Dürer has a cameo, and there’s a drinks trolley and ice cubes in glasses and lemonade. Both the airplane fueslage and the landscape viewed through the porthole are peopled: inside, there’s a crew, a hostess and captain; while down below lie “model villages”. Meanwhile the mysterious “Katharina/sleeping somewhere” is also “sleeping elsewhere”, reinforcing the duality of experience and observation.
Tranter’s notes also allude to the northern hemisphere phenomenon whereby “a shadow-print of unmelted snow” remains on the north-facing sides of “buildings and hedges” in spring; “a sight best appreciated from above”. The narrator of “Lufthansa” is simultaneously above, inside and moving through this three-dimensional space defined by a radar that is “speaking metaphysics”.
As it turned out, despite my best intentions, "Terminal 1: Aer Lingus" was one of only four poems I wrote during those 10 days in Ireland, although the trip ended up being very productive for other reasons. But "Terminal 1: Aer Lingus" is also significant because it references the idea of a 'terminal' in both its title and its method of construction, being my first attempt at what Tranter himself described as a 'terminal' poem.
Briefly, the terminal form involves repurposing another poem by, for example, using the last word of every line and replacing every other word with new text. The last words therefore act as 'terminals' to which the new lines are, as it were, 'docked'. Actually, Brian Henry describes it much better in his article on Tranter's terminal form:
With the sestina as a model, John Tranter has created a new form similar to the sestina but far more flexible in its emphasis on end-words: the terminal. Taking only the line endings from previously published poems, the terminal can be any length, and the number of terminals possible in the English language is limited only by the number of poems in the English language . . .
Because Tranter overwrites -- and in the process simultaneously effaces and preserves -- his source poem while retaining the anchoring points of the source poem, his terminals are both conservative and destructive. By using and acknowledging the original (he never tries to conceal his sources), Tranter performs an act of poetic conservation, calling contemporary readers' attention to a poem he considers worth reading while also encouraging comparative readings. But by replacing almost every word in the original -- with the exception of the last word of each line -- with his own, he destroys the original poem, jettisoning its meaning, diction, emotional effects, historical context, and atmosphere, even if he tries to pay homage to the original by following or updating it. No poetic forms contain such potential ...Brian Henry, "John Tranter's New Form(alism): The Terminal", Antipodes (2004)
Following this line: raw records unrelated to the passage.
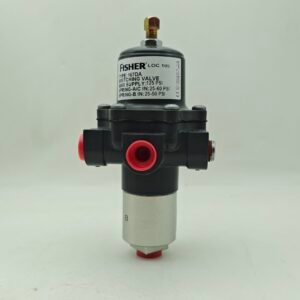 Fisher 167DA
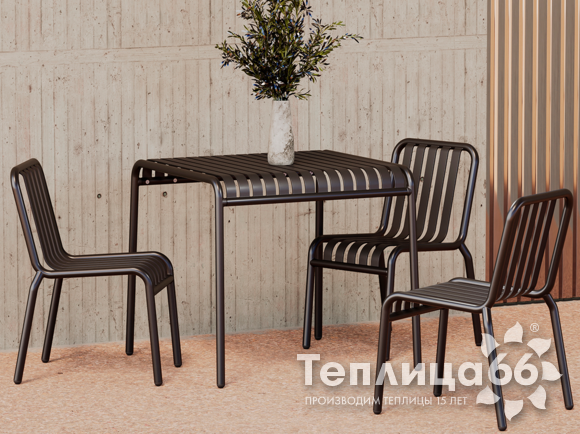 Стол обеденный малый Fllow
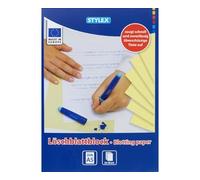 Stylex Blotting Paper, 20 Sheets DIN A5
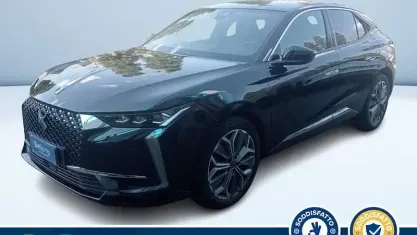 Begagnad DS Automobiles DS4 Trocadero 131 HK (96 kW) 2022 Svart SUV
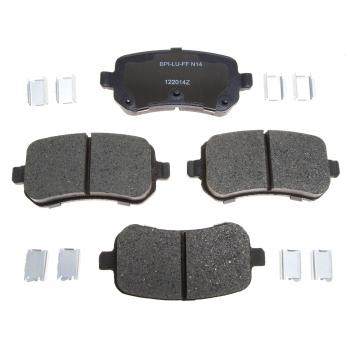 Raybestos MGD1021CH - Disc Brake Pad Raybestos MGD1021CH Disc Brake Pad product image 1 of 1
"Terminal 1: Aer Lingus" slightly adjusts this working method, taking both the first and last words from each line of Tranter's poem "Lufthansa" and creating a new poem in between these two 'terminals'. So, for example, Tranter's poem begins as follows:
Flying up a valley in the Alps where the rock
rushes past like a broken diorama
I’m struck by an acute feeling of precision –
Whereas, "Terminal 1: Aer Lingus" begins like this:
Flying over violet-crumble seas, eyes bulging as the rock
rushes by (a sense of stained-glass futures, a fatal diorama
I’m descending through time with an airman’s precision—
When I wrote the poem, I wasn't actually aware of Tranter's use of 'end-words' alone: I thought I was 'doing it right' by using the first and last words of each line in 'Lufthansa'. This working method presented problems: my lines ended up being much longer, and I tied myself in knots trying to maintain some kind of narrative flow.
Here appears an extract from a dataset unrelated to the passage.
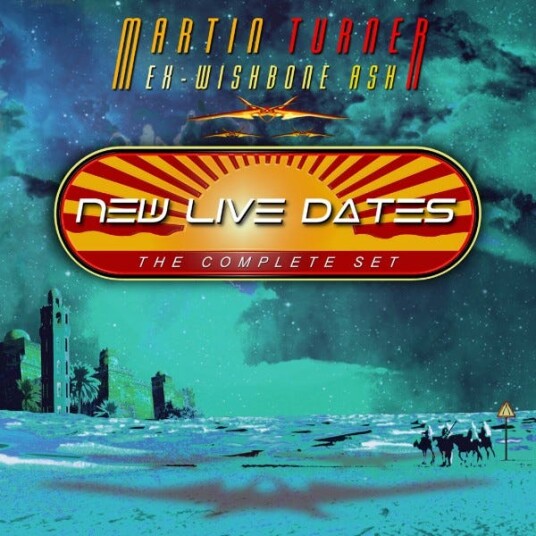 New Live Dates  The Complete Set  CD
But as Henry points out, the terminal form opens up all sorts of possibilities in terms of rewriting and reinventing. It's also very fun to see a whole new world appear in the space the original poem previously occupied. As a mapping exercise, the experience also offered me new ways to read other poets' works. I've since gone on to attempt a couple more terminals, using poems by Charles Baudelaire and John Ashbery as starting points. But those terminals remain, for the moment, closed.
And as for "the ecstasy of flight"? Well, it's the title of a song by Chris de Burgh on his bombastic 1984 Man On the Line album. But it's also a neat little segue into an experience I had seeing John Tranter read his work in Sydney in 2006 as part of the Red Room's Poetry Picture Show project. That night featured a superb lineup of poets. We'd been commissioned to write poems about movies; I chose the 1986 film Can You Feel Me Dancing? starring Justine Bateman (watch it online!). My poem, "Karin Revisited", was another homage to John's way of writing (if also a hat-tip to Sonic Youth), and it was an absolute honour to perform it in his presence.
It was also a rare treat to have both of my parents in the audience that night. Afterwards, my dad (who is a big Chris de Burgh fan) commented that he really enjoyed hearing John's poem, "Paris Blues". It struck me then that, of the Australian poets of my parents’ vintage, Tranter is probably the most accessible. It also struck me that, for the longest time, I had been trying to write poems my father would like. Maybe in some strange way Tranter was a bit like a 1980s-era troubadour, inventing poetic worlds in which readers could happily lose themselves for a few moments (in the case of single poems such as “Lufthansa”), or else an afternoon (take for example the four verse novels in miniature of The Floor of Heaven).
My father's comment also, in a funny way, closed a loop in my own poetic development: my first published poem, "Mother Russia", which I wrote way back in 1991, was a blatant Tranter rip-off, and actually featured a line from Chris de Burgh's song "Moonlight and Vodka" (which, coincidentally enough, also appears on Man On the Line):
"moonlight and vodka takes me away"
croons the one-time concert performer
to an incomprehending audience of short
time miners & oil riggers thawing in the bar
what else is there to do the alcohol slides like
penguins from glaciers down throats &
karloff's tears flow in buckets while the men
sway from side to side now and then grunting
as they discover the faces behind the frozen beards
they worked with on that damned oil pipeline
I'm not quite sure how many more terminals I have left in me, but I take some comfort from the fact that my father's love of pop songs about espionage and Norman-invasion-era ballads lit a kind of creative fire in my brain that persists to this day. Likewise, Tranter's work has had a fundamental effect on my own writing. While it is, of course, impossible to know what was going through his mind as he took that Lufthansa flight from Venice to Munich back in 1984, the poem he wrote during that flight demonstrates the dynamism of the creative process.
The ecstasy of flight, then, is an intensely private experience which, when set to music or put down in verse, carries with it the potential to be transported form the mundanity of everyday existence to a world where literally anything can be written or sung into being. By writing a 'terminal' poem based on "Lufthansa", I was attempting a similar feat. If the poems succeeds in transporting a single reader to the skies above Shannon airport, or the sodden green landscapes of County Clare, then perhaps that reader, too, will be able to move on to their own next flight, regardless of its destination.
As a postscript, I just wanted to note the fact that, despite Tranter being an early champion of the Internet as a medium for poetry and poetics, almost everything he produced online has now either disappeared or been moved elsewhere. Jacket, of course, survives as Jacket2 with all issues available in their original format. But Tranter’s own website, and the ambitious Australian Poetry Library (which featured a nifty HTML to PDF converter enabling a reader to construct their own anthology), have vanished. Of course, there’s always the Wayback Machine. But Tranter’s Wikipedia page is definitely in need of an update. Where to even start?
One of my favorite Tranter poems also. Great Essay.